Every line of the listing below from the one with "imagem (41).png" up to and including the one with "Manisa\'dan Kısa Kısa" should be retyped exactly, and nothing else; pictures are not part of the copy.

Data for the task -
========================================================================
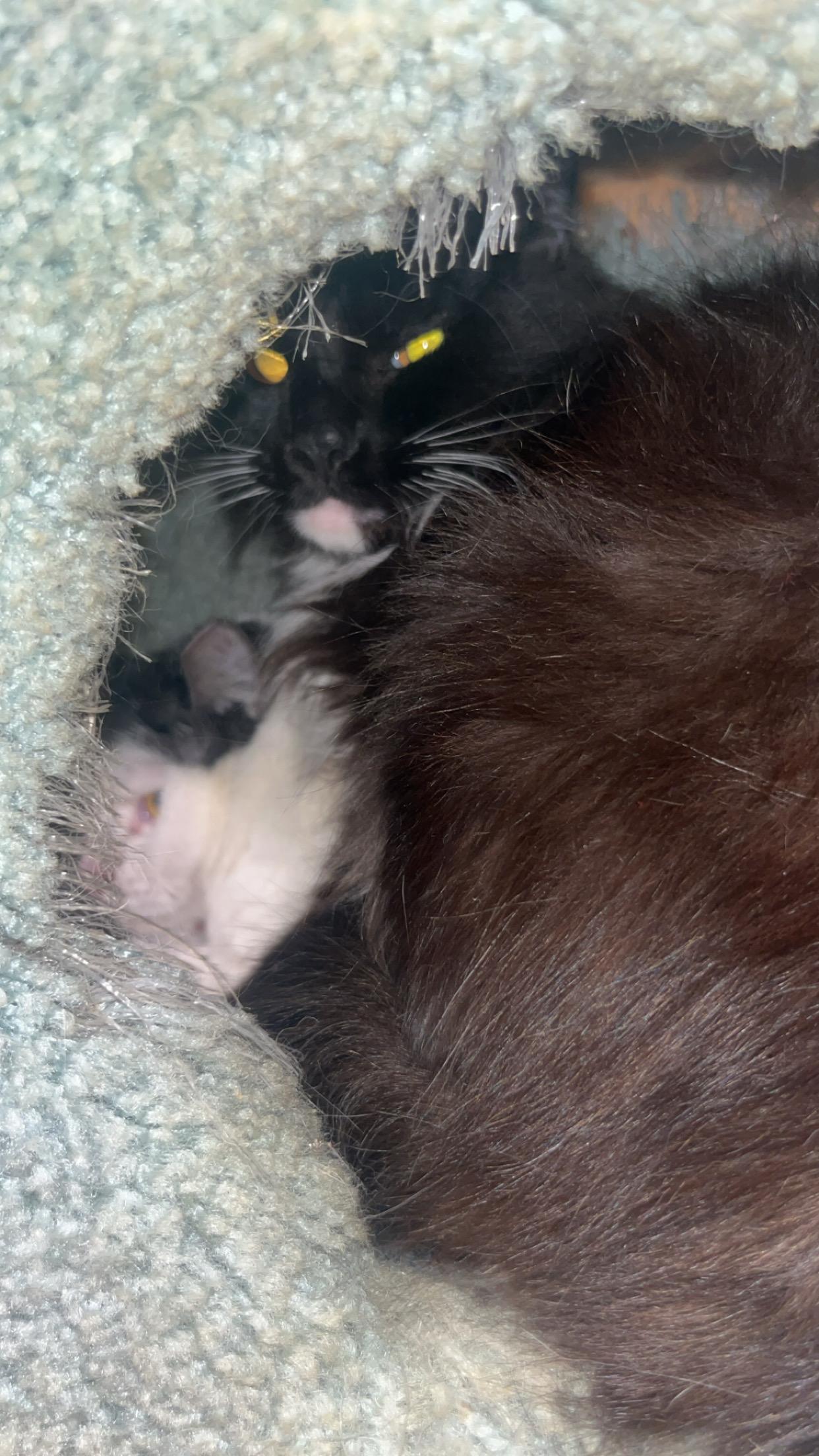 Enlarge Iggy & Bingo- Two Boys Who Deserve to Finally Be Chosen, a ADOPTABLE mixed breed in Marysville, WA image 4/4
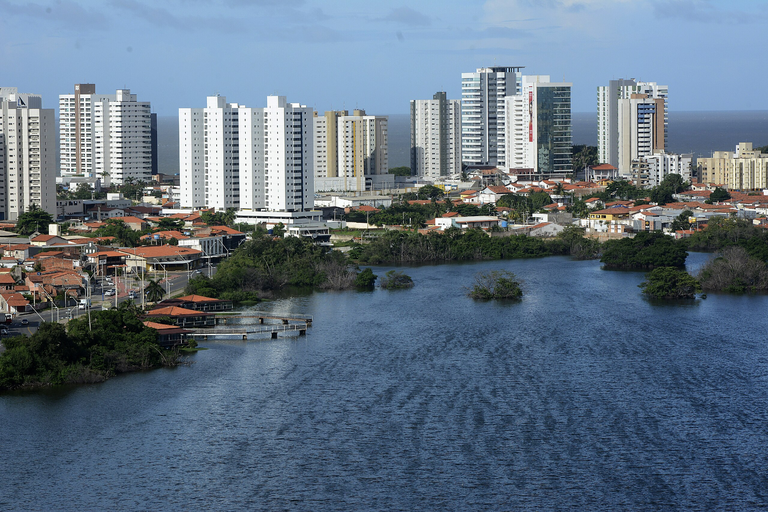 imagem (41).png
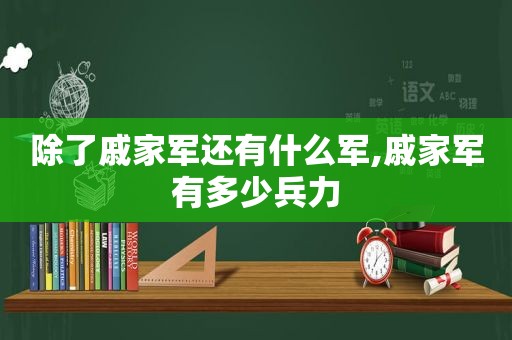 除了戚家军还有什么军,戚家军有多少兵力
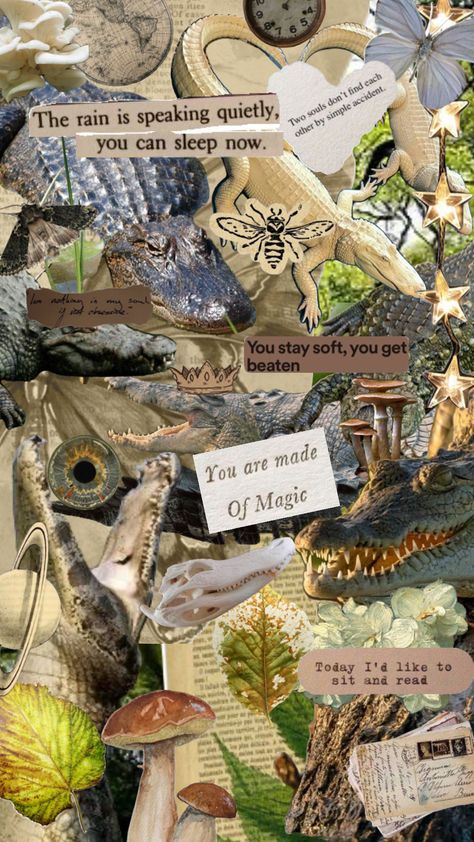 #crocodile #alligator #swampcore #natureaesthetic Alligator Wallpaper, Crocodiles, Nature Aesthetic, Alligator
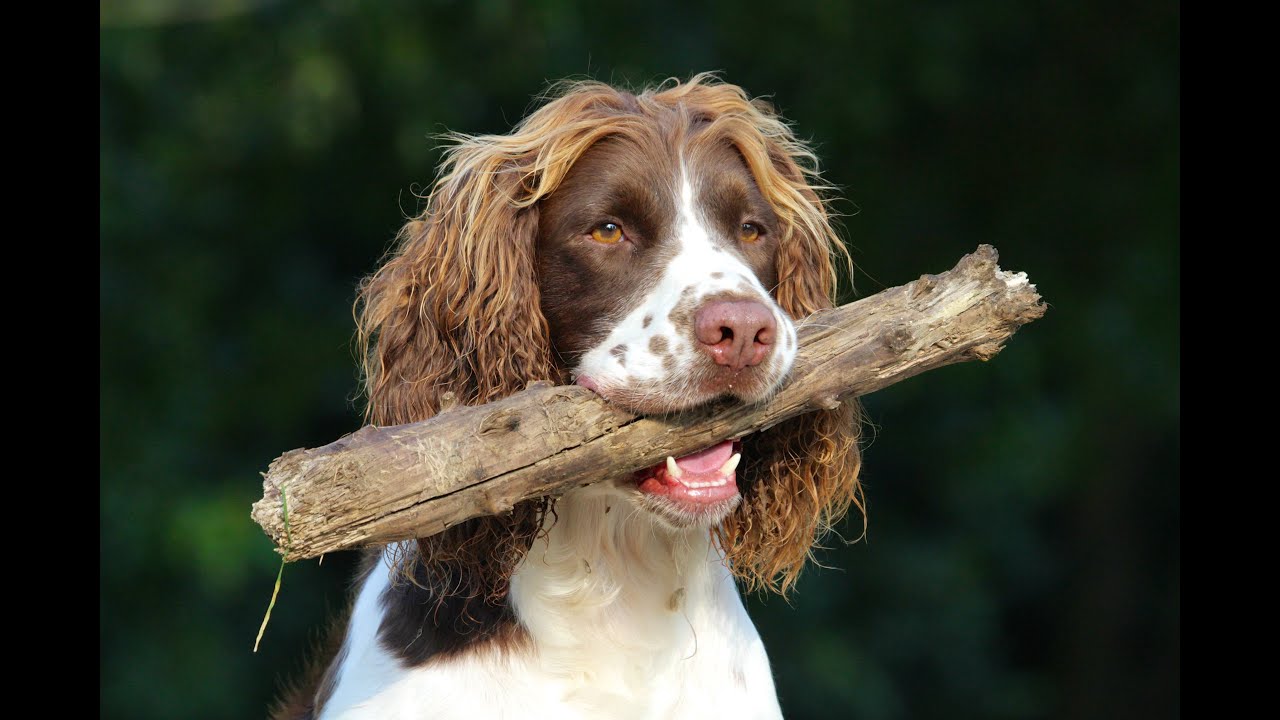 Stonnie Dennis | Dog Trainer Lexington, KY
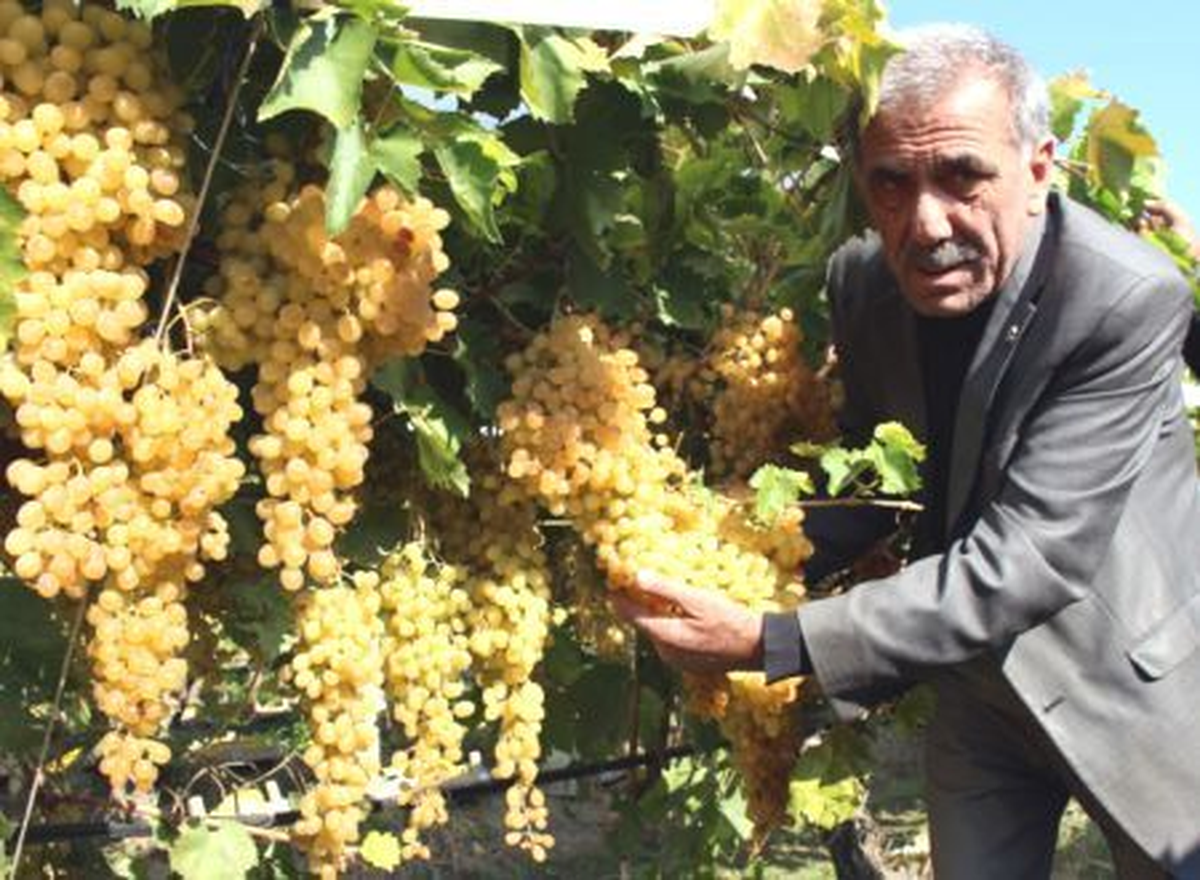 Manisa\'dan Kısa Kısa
========================================================================
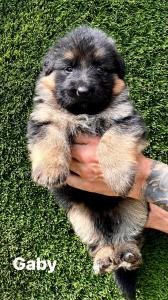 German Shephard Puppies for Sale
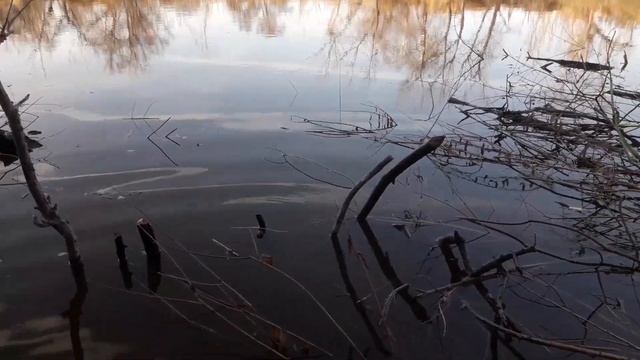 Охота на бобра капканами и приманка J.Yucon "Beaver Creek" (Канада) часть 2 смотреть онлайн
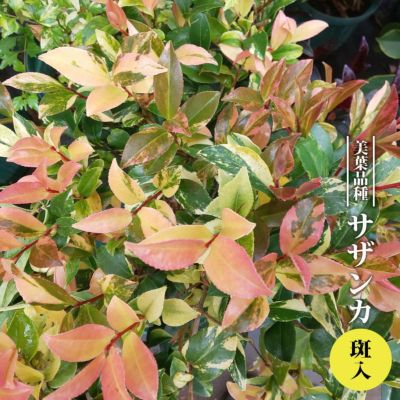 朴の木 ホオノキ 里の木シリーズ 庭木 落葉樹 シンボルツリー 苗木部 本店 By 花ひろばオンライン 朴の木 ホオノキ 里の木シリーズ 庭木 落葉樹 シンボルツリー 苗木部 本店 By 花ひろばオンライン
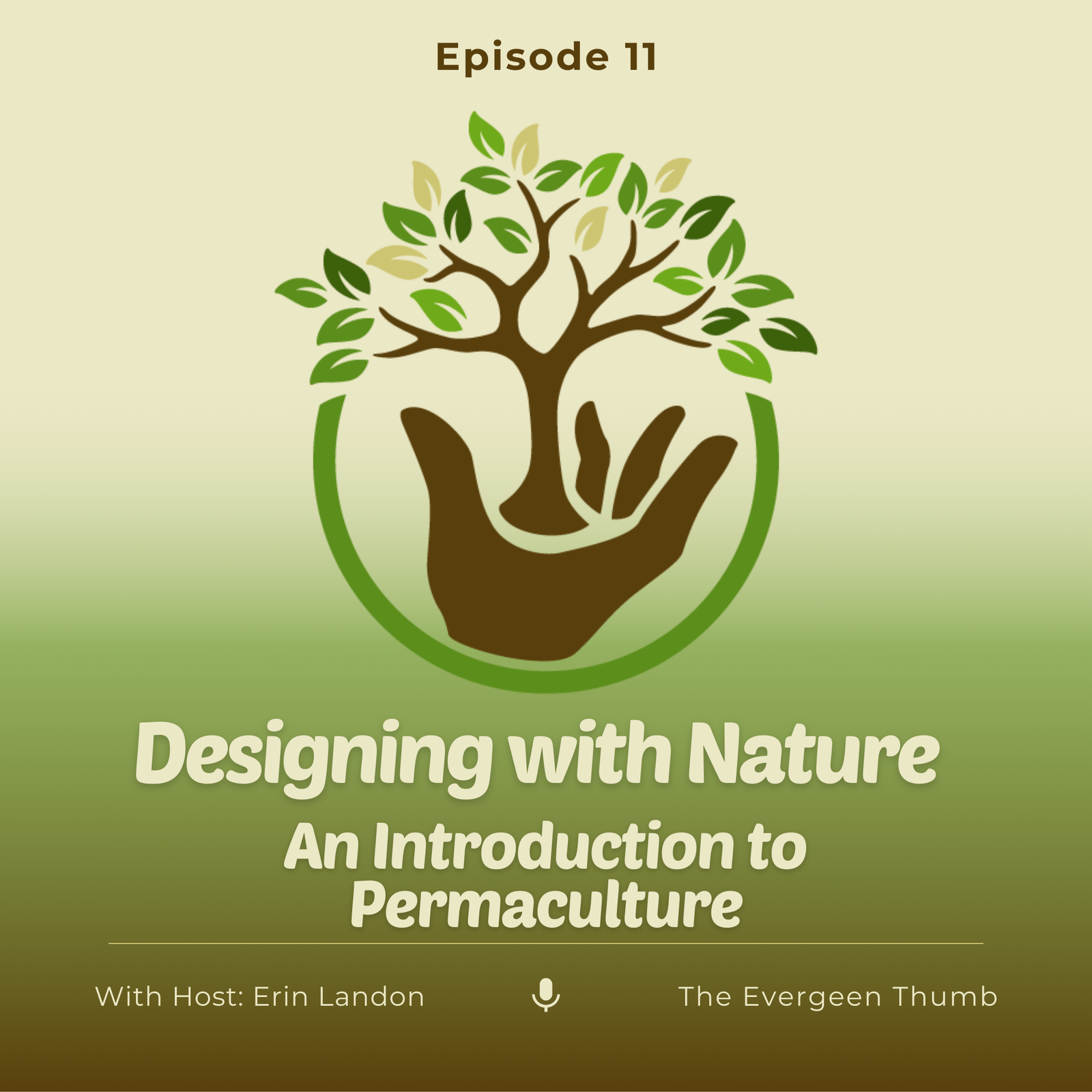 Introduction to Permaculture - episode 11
========================================================================
Written answer -
 imagem (41).png
 除了戚家军还有什么军,戚家军有多少兵力
 #crocodile #alligator #swampcore #natureaesthetic Alligator Wallpaper, Crocodiles, Nature Aesthetic, Alligator
 Stonnie Dennis | Dog Trainer Lexington, KY
 Manisa\'dan Kısa Kısa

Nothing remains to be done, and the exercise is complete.